Colon cancer patients commonly suffer from declines in muscle mass and aerobic function. A study found that muscle loss of 9% or more during chemotherapy was independently associated with poorer survival.

Cancer cachexia is a multifactorial syndrome characterized by an ongoing loss of skeletal muscle mass, with or without the loss of fat mass, resulting in functional impairment and reduced quality of life. It affects approximately 70% of cancer patients and is responsible for up to 22% of cancer deaths. It is caused by the upregulation of systemic inflammation and catabolic stimuli, leading to inhibition of protein synthesis and enhancement of muscle catabolism.

The catabolic pathway in skeletal muscle induces muscle loss because of the loss of proteins, organelles, and cytoplasm, which causes cell shrinkage and muscle atrophy. During cancer cachexia, the skeletal muscle undergoes a reduction in protein synthesis and an increase in protein degradation/proteolysis. These changes are associated with organelle dysfunction marked by the upregulation of inflammatory mediator genes, abnormal expression of angiotensin II (AngII), IGF1, and various receptors, proteins, and kinases.

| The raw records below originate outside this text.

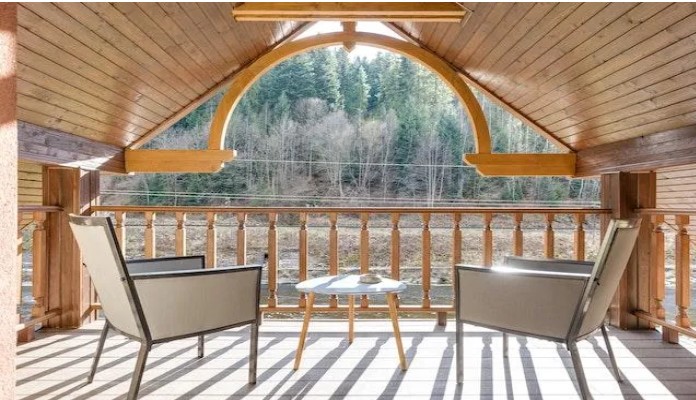 A Guide to Outdoor Furniture: How To Choose & Arrange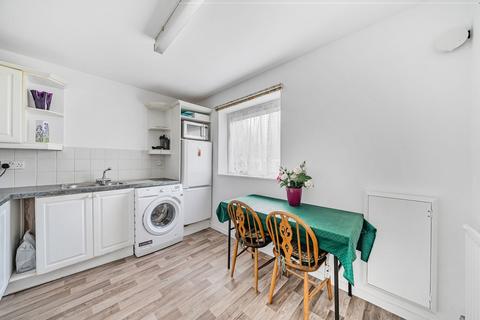 17 Austen Close, Winchester, SO23 7HS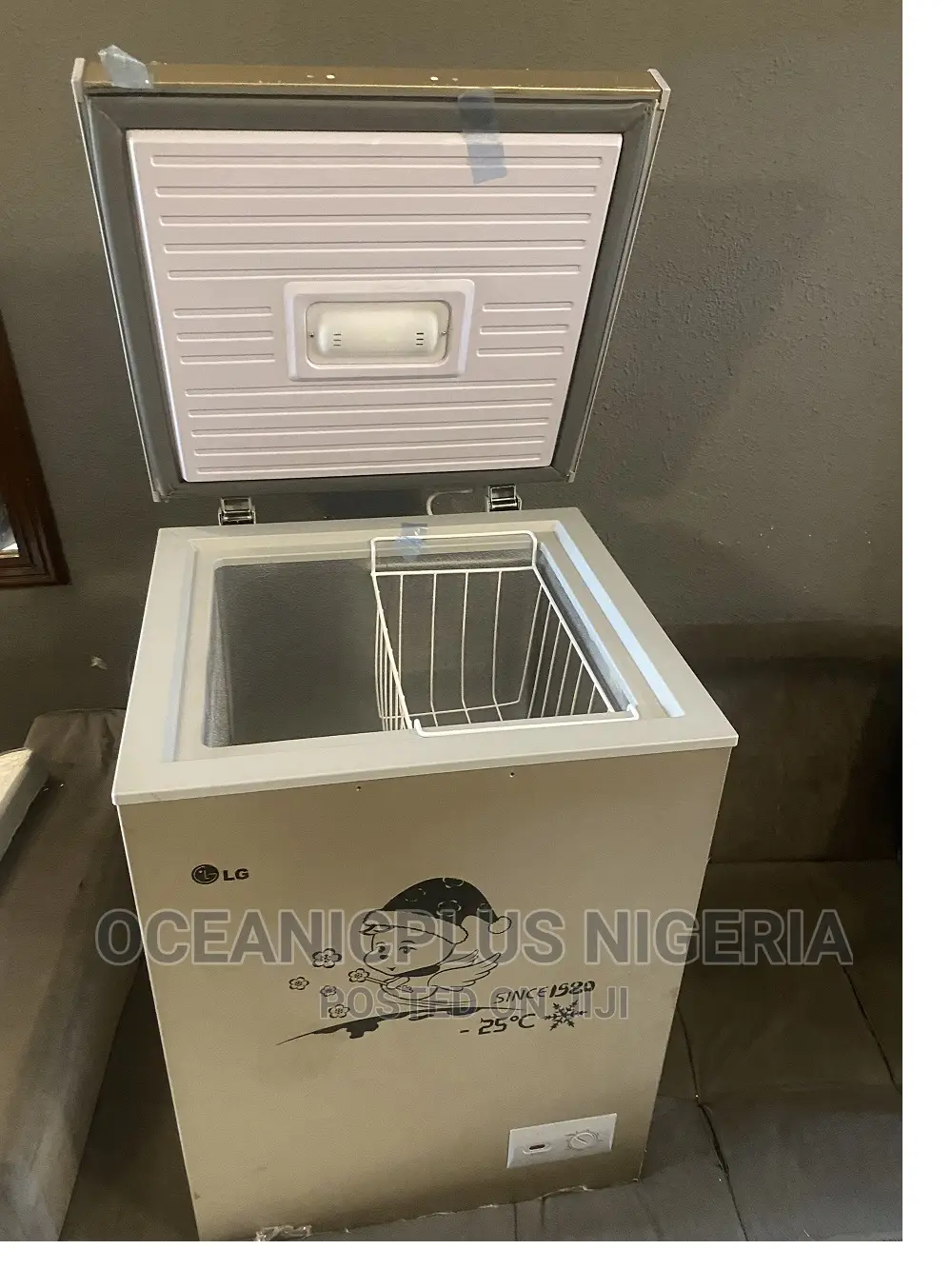 Eco- Friendly LG Gc -160 / Chest Freezer 100 L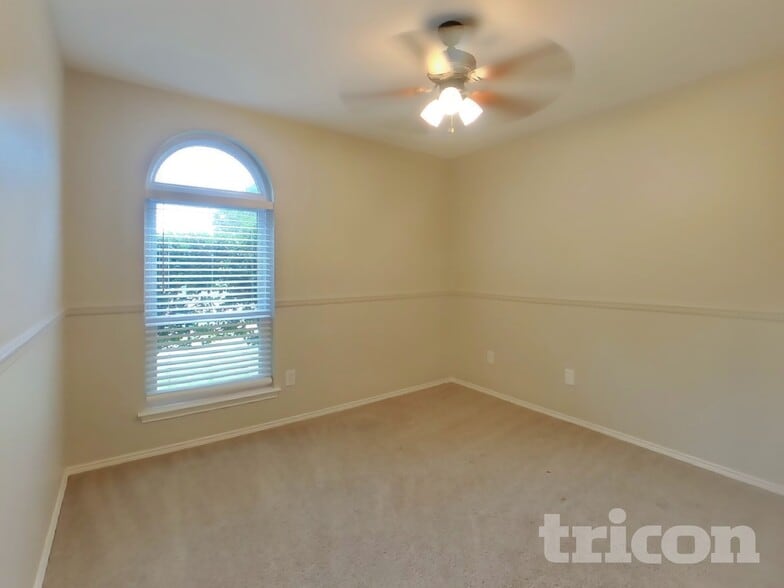 Building Photo - 112 Clover Leaf Ln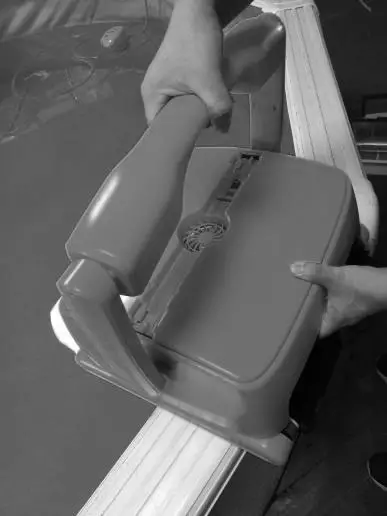 OPSON-WS-HJ2152-Robotic-Pool-Cleaner-1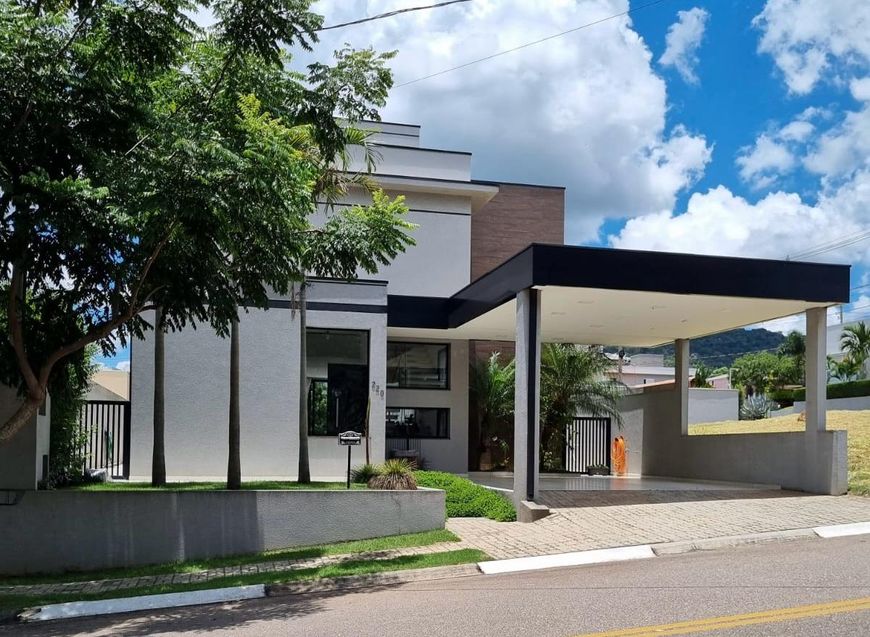 Lindo e Amplo Sobrado à venda no Condomínio Terras de Atibaia I em Atibaia. Lazer e segurança.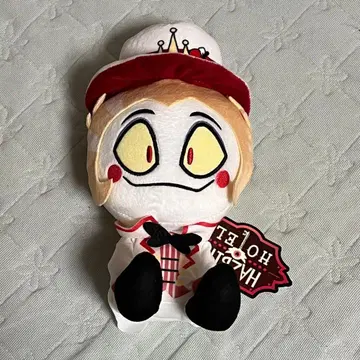 해즈빈 호텔에 오신 것을 환영합니다 앉은 봉제 인형 루시퍼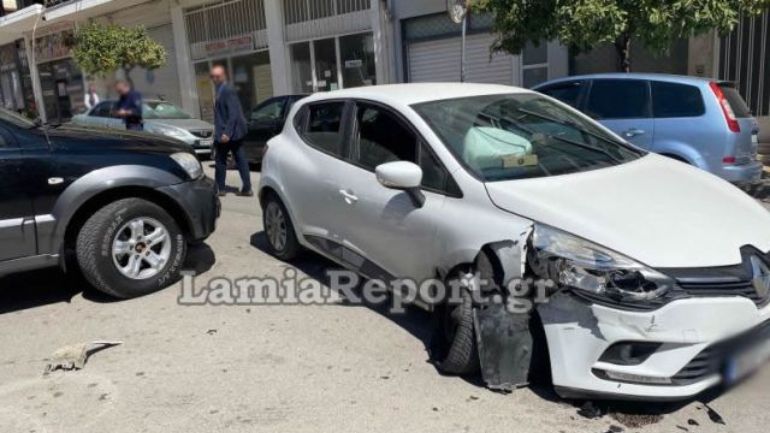 Λαμία: Παραβίασε stop και χτύπησε αυτοκίνητο που είχε μέσα μικρά παιδιά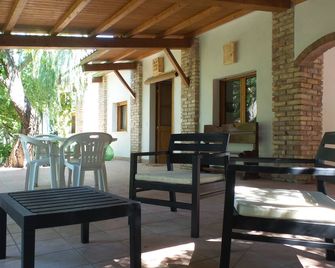 Campomarino (CB) Villa immersed in the green Molise countryside 6 km from the sea. - Campomarino - Terasa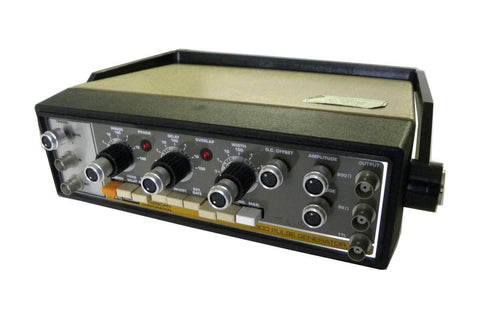B&K PRECISION DYNASCAN CORP. PULSE GENERATOR MODEL 3300 - SOLD AS IS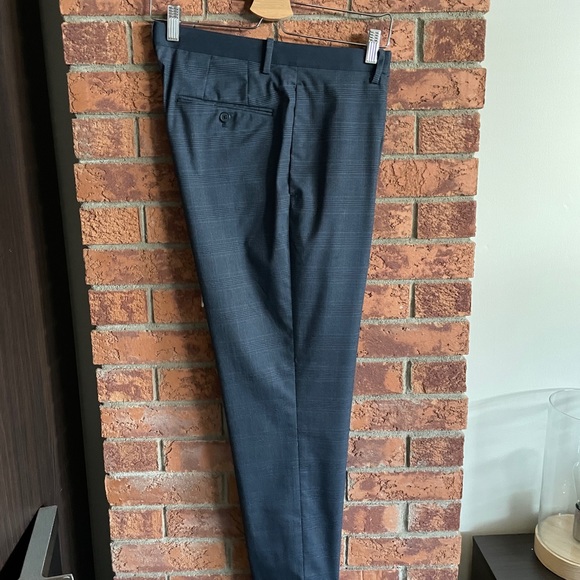 Uniqlo Ankle Pants - Picture 2 of 5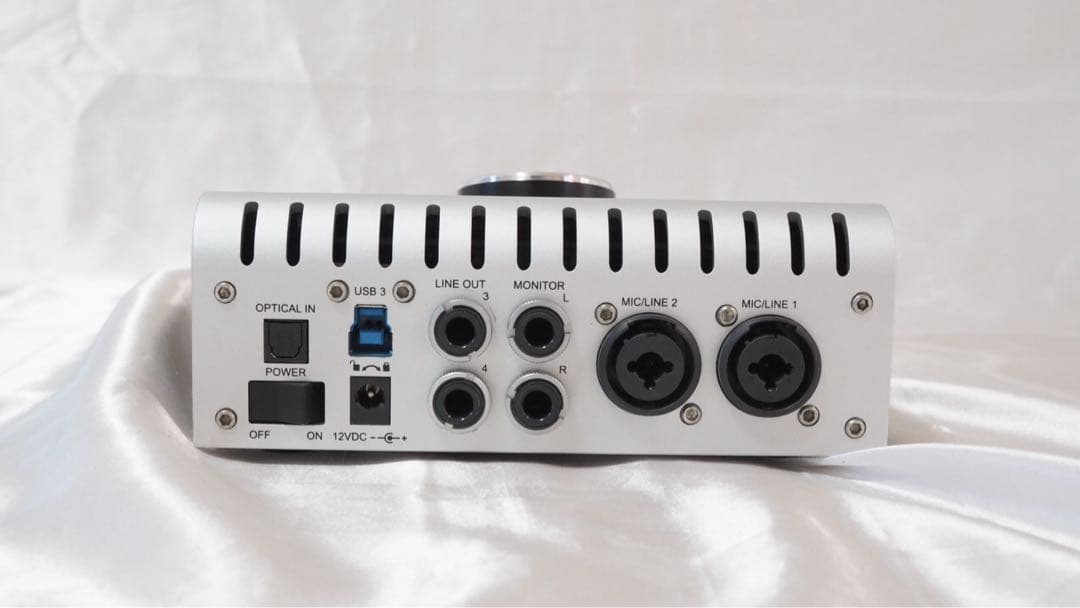 Universal Audio Apollo Twin インターフェイス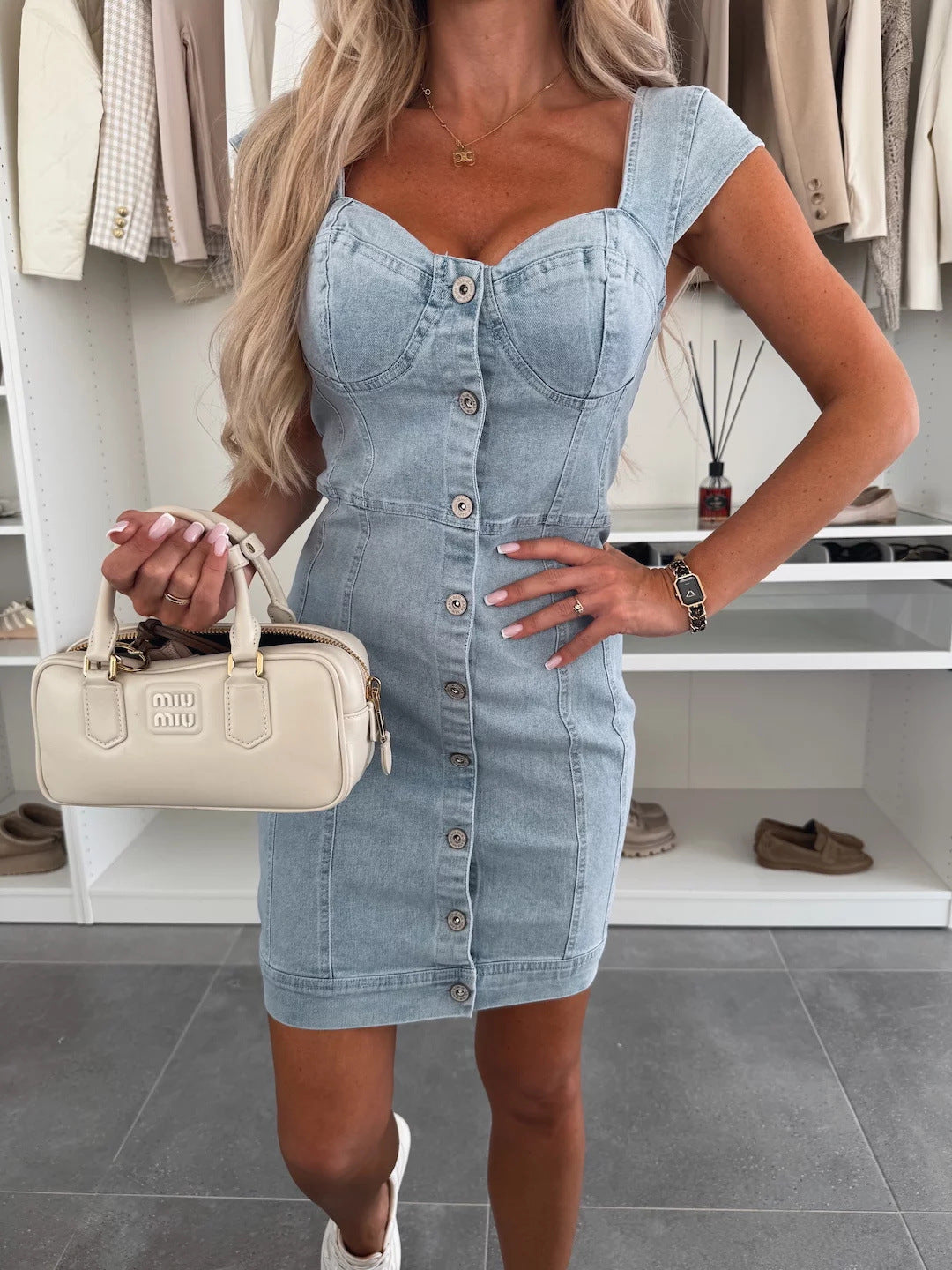 Ärmelloses Jeanskleid – Bild 4 | LuxeStyle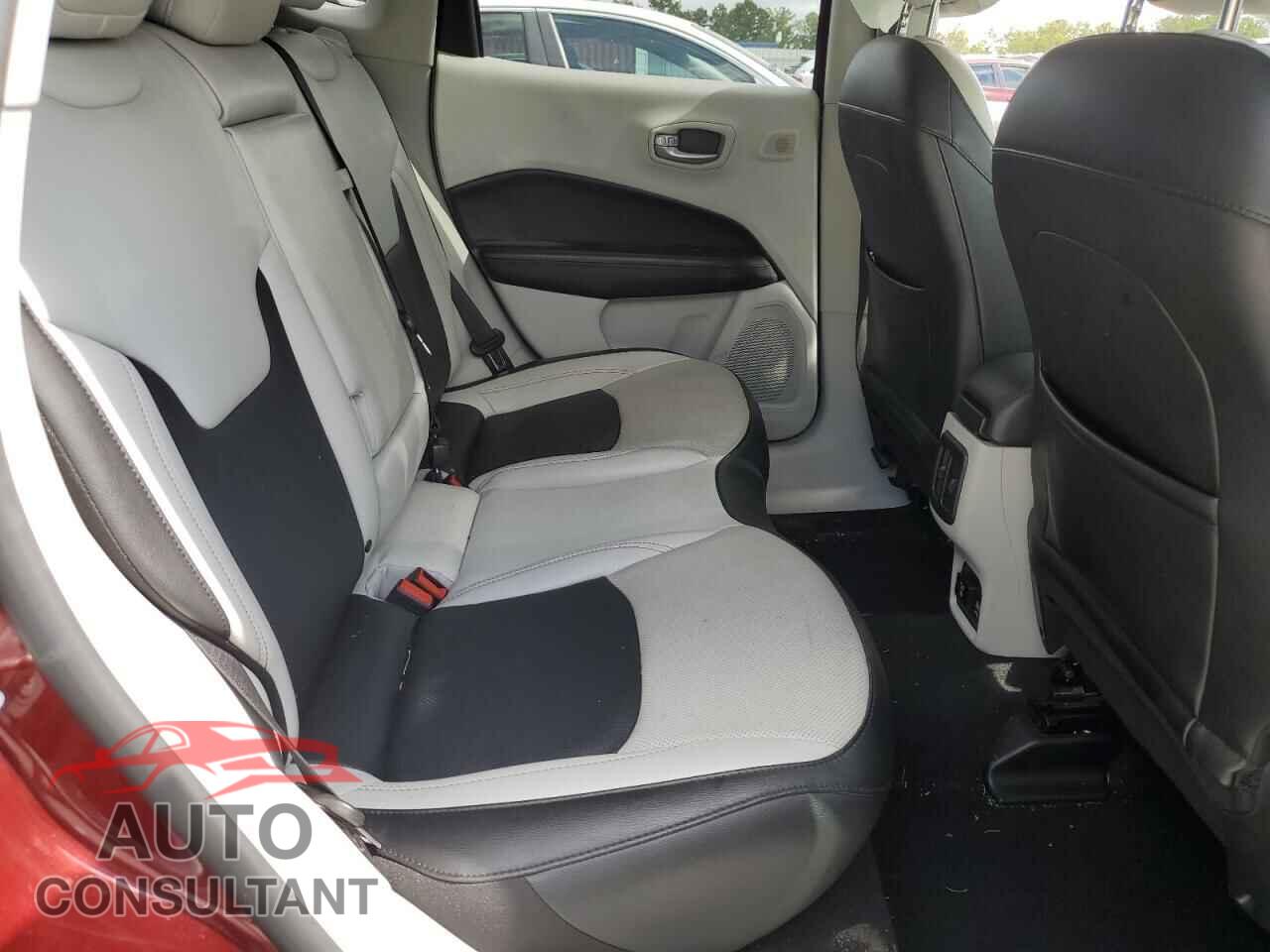 JEEP COMPASS 2021 - 3C4NJDCB6MT561111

A variety of systemic antineoplastic agents generate muscle loss directly by expressing direct catabolic actions on muscle cells, as well as secondarily via their systemic (gastrointestinal) side effects that impair food intake during treatment. Muscle wasting is a potential adverse effect that should be considered in the use of current cancer therapies and the development of new ones.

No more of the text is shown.